WHAT YOU SHOULD DO: Print exactly the lines below between the line containing "BLING COLOR SEMI" and the line containing "TruLuxxe - 💡", counting both of those lines. Leave pictures out.

DATASET EXCERPTS:
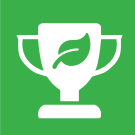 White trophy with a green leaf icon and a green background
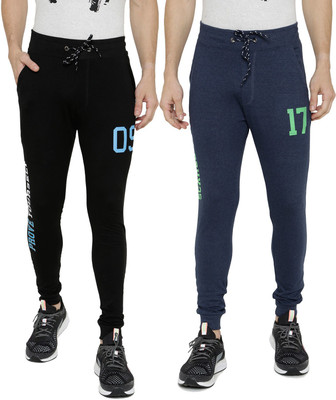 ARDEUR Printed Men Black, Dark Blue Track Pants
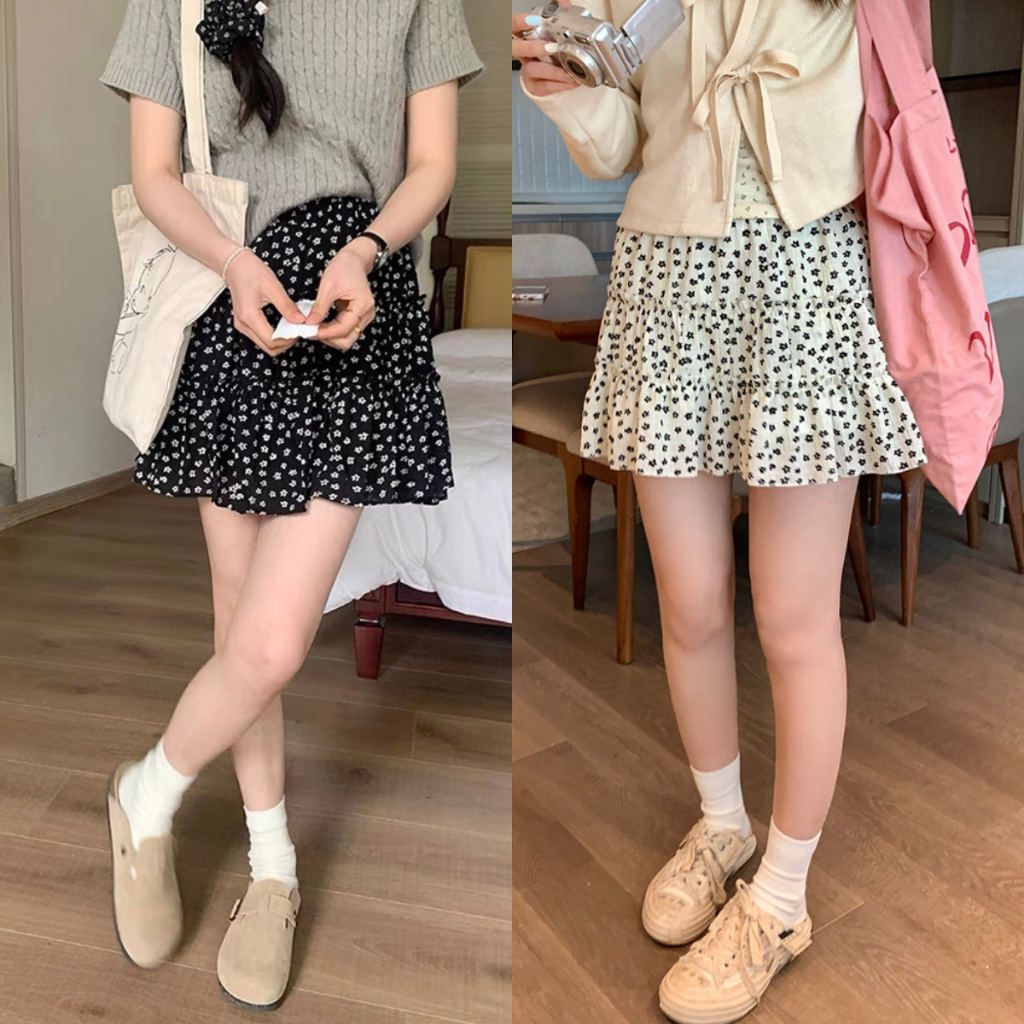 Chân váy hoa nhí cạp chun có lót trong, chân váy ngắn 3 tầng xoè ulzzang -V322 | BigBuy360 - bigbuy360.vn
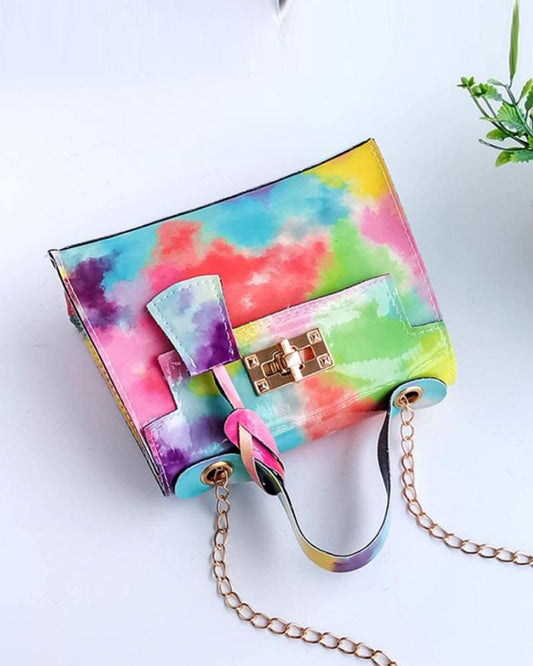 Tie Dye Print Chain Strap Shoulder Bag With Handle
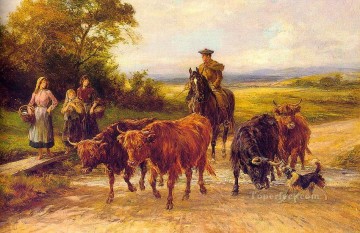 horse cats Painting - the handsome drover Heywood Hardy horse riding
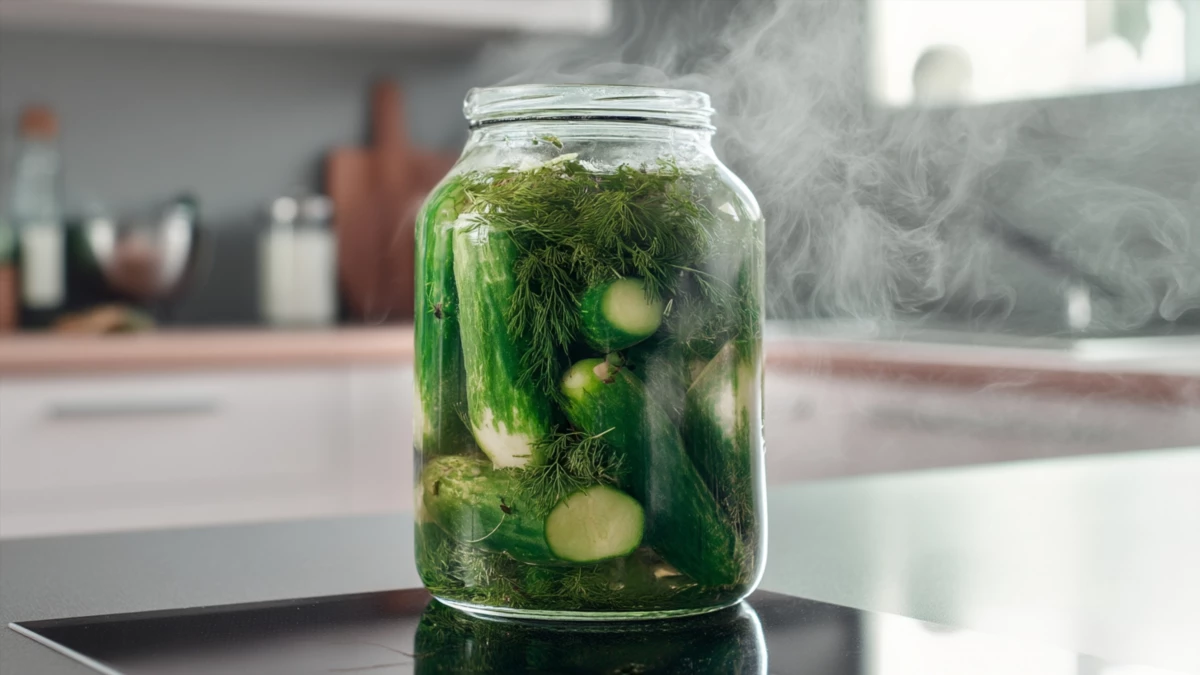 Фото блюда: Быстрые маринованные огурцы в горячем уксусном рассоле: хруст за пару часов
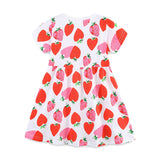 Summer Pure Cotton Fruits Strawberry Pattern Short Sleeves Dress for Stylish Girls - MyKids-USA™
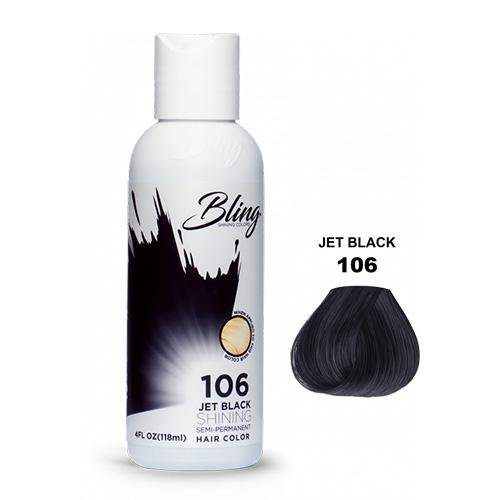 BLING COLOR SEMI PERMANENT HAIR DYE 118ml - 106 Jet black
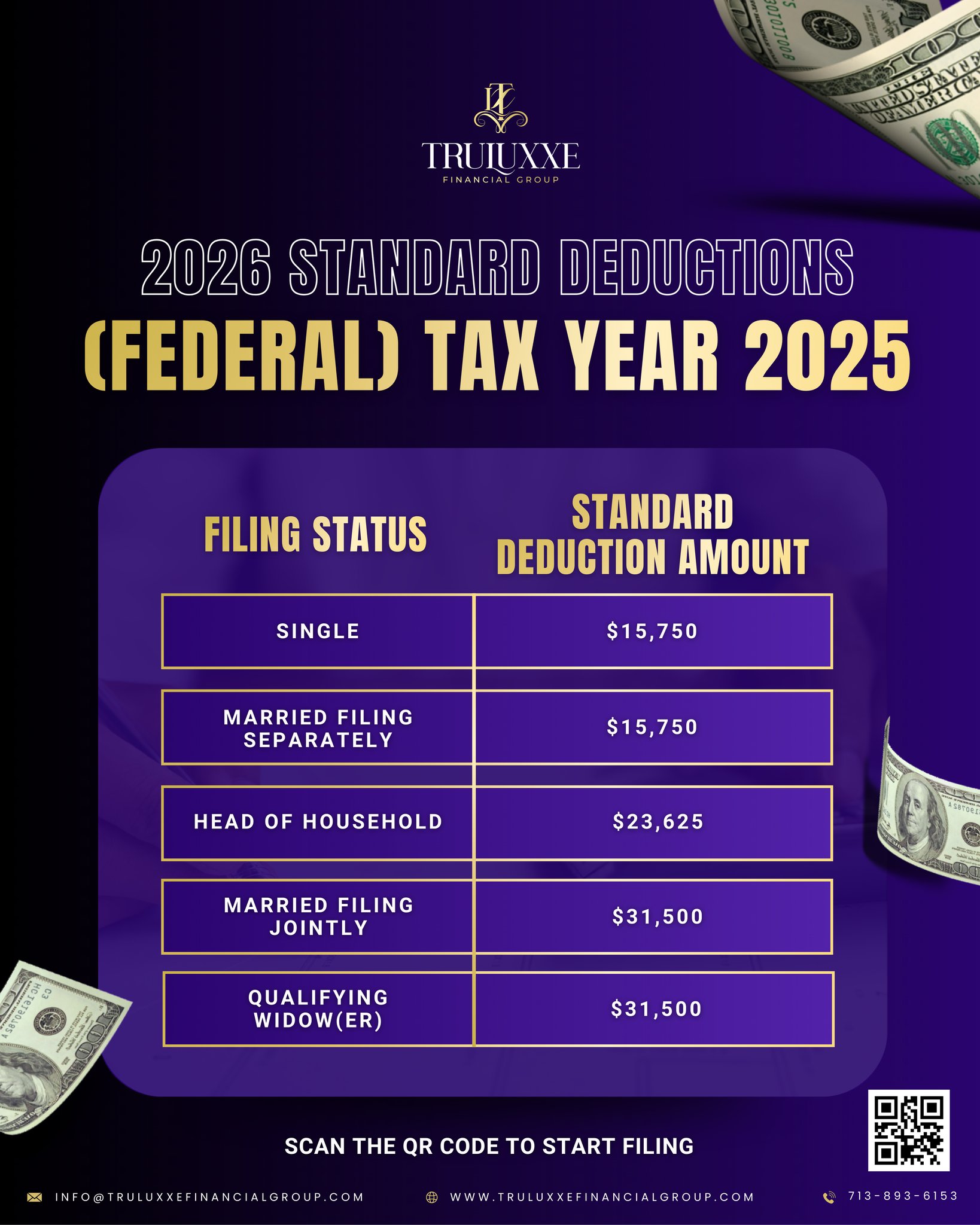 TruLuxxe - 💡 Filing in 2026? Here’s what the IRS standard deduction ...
---
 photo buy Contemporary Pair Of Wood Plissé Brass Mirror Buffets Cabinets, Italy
...
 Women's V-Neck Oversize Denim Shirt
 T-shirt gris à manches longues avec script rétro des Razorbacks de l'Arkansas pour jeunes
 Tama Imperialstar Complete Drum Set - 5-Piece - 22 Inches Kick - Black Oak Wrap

TASK RESPONSE:
 BLING COLOR SEMI PERMANENT HAIR DYE 118ml - 106 Jet black
 TruLuxxe - 💡 Filing in 2026? Here’s what the IRS standard deduction ...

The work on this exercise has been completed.